The website of the Catholic Artists Society offers an audio download of its sponsored lectures. In return, it asks only for the courtesy of a small voluntary donation. When I went to the site after Gregory Wolfe’s talk, there was an addendum to the donation button. If you preferred prayer to cash, you could make good by saying a decade of the Rosary for the conversion of artists.
That codicil is now gone, thank goodness.
The conversion of artists. Given the unlovely, preparatory landfill turned out in carloads by MFA programs, it might have seemed a humane objective. But it was not. An intention as self-referential—reverential—as that underwrites, without meaning to, the corrosive self-regard that has helped propel us down the rabbit hole we find ourselves in. The Society is wise to have removed it.
Today’s artist, together with art itself, has swollen like a puff adder in what Jacques Barzun dubbed “the vacuum of belief.” Religious aestheticism is as susceptible to dilation as its secular counterpart. Contemporary Christianity is too often tempted to sanctify its own worldly replacement.
In reality, artists are not as pivotal in the cultural chain of command as they have been groomed to think. Implicit in the Society’s initial request was the assumption that artists are primary agents, rather than easily visible symptoms, of cultural devolution. It ascribed to artists the power to reverse the mess we are in. It assumed artists to be ascendant over the nexus of less conspicuous actors in the cultural arena: curators, collectors, grant-giving panels, state accreditation bureaucrats, publishers, critics (add unemployed art historians and poets looking for a gig), dealers, academic department chairs, arts entrepreneurs and administrators, diversity connoisseurs, art fund managers, art consultants, museum trustees, publicists, et alia. It was an assumption that participated in the very ideology the Society prays to overturn.

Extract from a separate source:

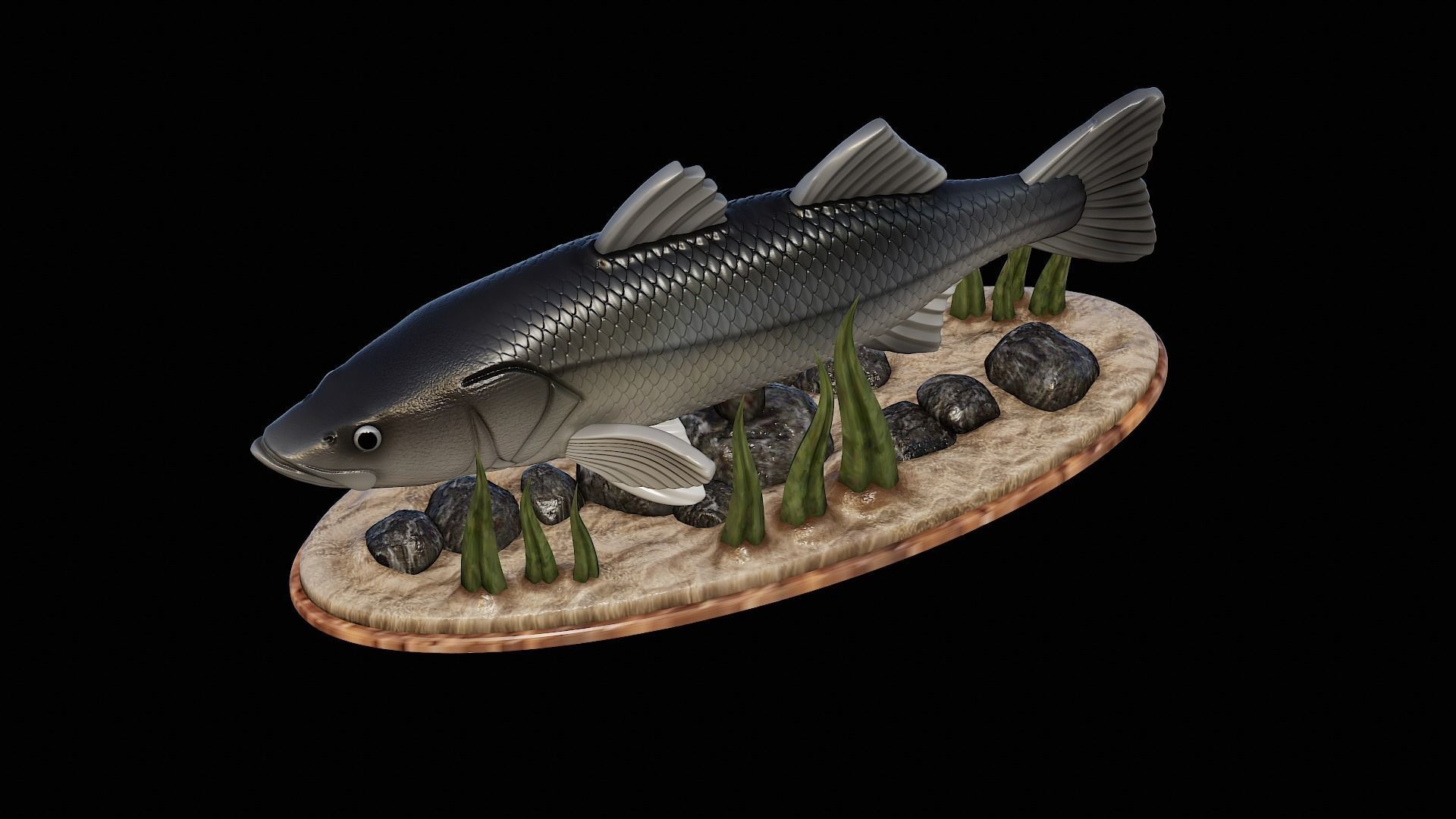 fish black snook statue underwater detailed texture 3D print model_12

The deification of artists has progressed to the point where they are no longer required to make anything; they simply have to be. It is a boundless mandate. The charge never wears out. It is not only the rich who are different from you and me. The artist, too, is a particular kind of being—rarified, born under the sign of Saturn, ordained for alienation, poised for mutiny. And shimmering with vision. More shaman than maker, the contemporary artist is a conceptual product of the culture of academia: a brew of left-leaning, utopian romanticism. Heady with attitude and missionary fervor, it disdains skills—manual ones—as the stock villain in the embourgeoisement of the artist’s true role.

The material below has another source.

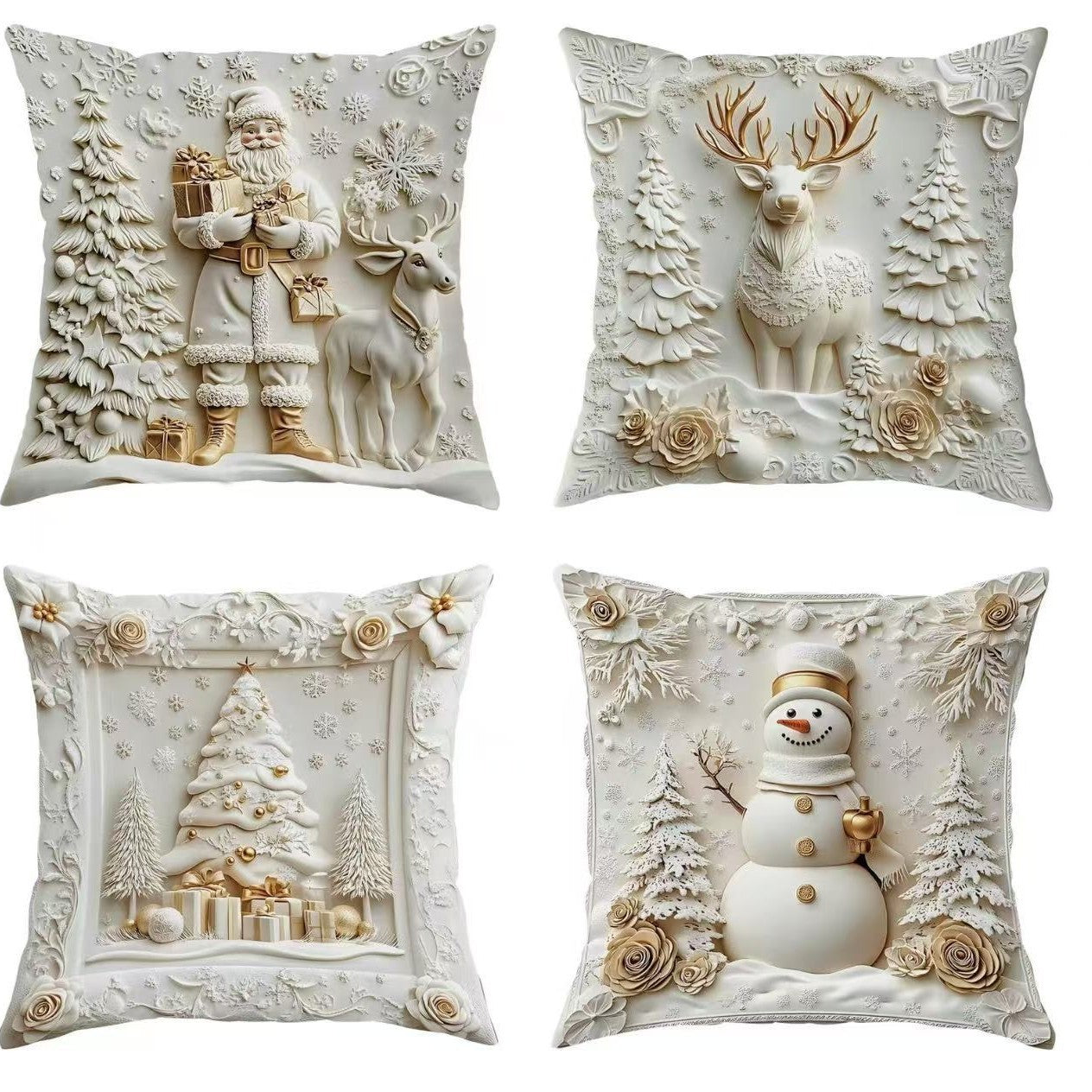 🎅【Vianočná zľava 50%】🎄 Obliečka na vankúš s vianočnou tematikou 【4-dielna sada】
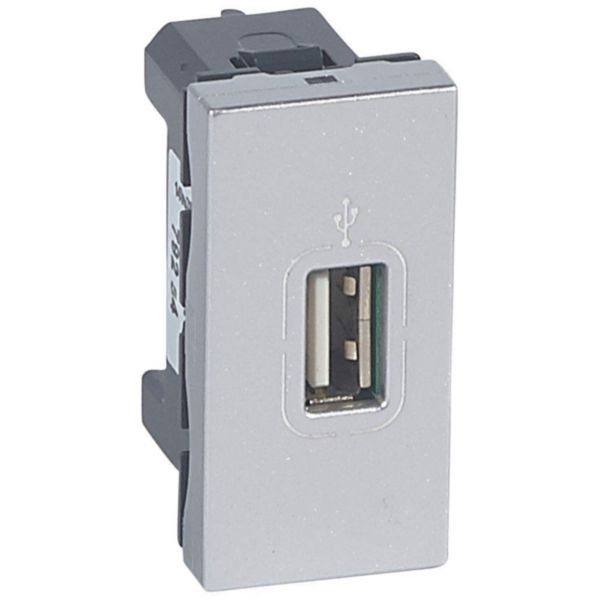Prise USB femelle mosaic 1 module alu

Every artist, a cub Bolshevik.
This is learned behavior. And the acquisition of it has been structured in to university art departments since the end of the Second World War. The state of art today is, in very large measure, an unforeseen consequence of the G.I. Bill of Rights. The bill gave funds directly to returning GIs, to spend on their choice of schooling. Many (e.g. Wayne Thiebaud, U.S. Air Force; Richard Diebenkorn, U.S. Marine Corps) chose to study art.
Colleges and universities competed for the funds by establishing art departments that offered the added caché of a college degree unattainable through premier atelier-style institutions like the Art Students League or the (no longer extant) Brooklyn Museum Art School. Consequently, the Left’s steady march through the institutions was straight on course to parade through the arts as well. This it did with a vengeance in the Sixties, with no sign of let-up since. Even institutions founded on the atelier system are succumbing to the demands of accreditation, with its attendant baggage, in the struggle to stay solvent.
A current promo for the Pennsylvania Academy of Fine Art, the nation’s first museum and art school, states it this way: “We make artists.” In bold. Students might well have shown talent before arriving at PAFA, but by graduation they have progressed beyond all that. They have learned how to be an artist. Theirs is self-chosen identity that exists apart from the work of hands.
In all, artists have already been converted. They are born again to the wrecking ball, an instrument beloved by insurgent academics.
NOTE: The original images for this post have dropped off the web. This essay was altered accordingly in September, 2023.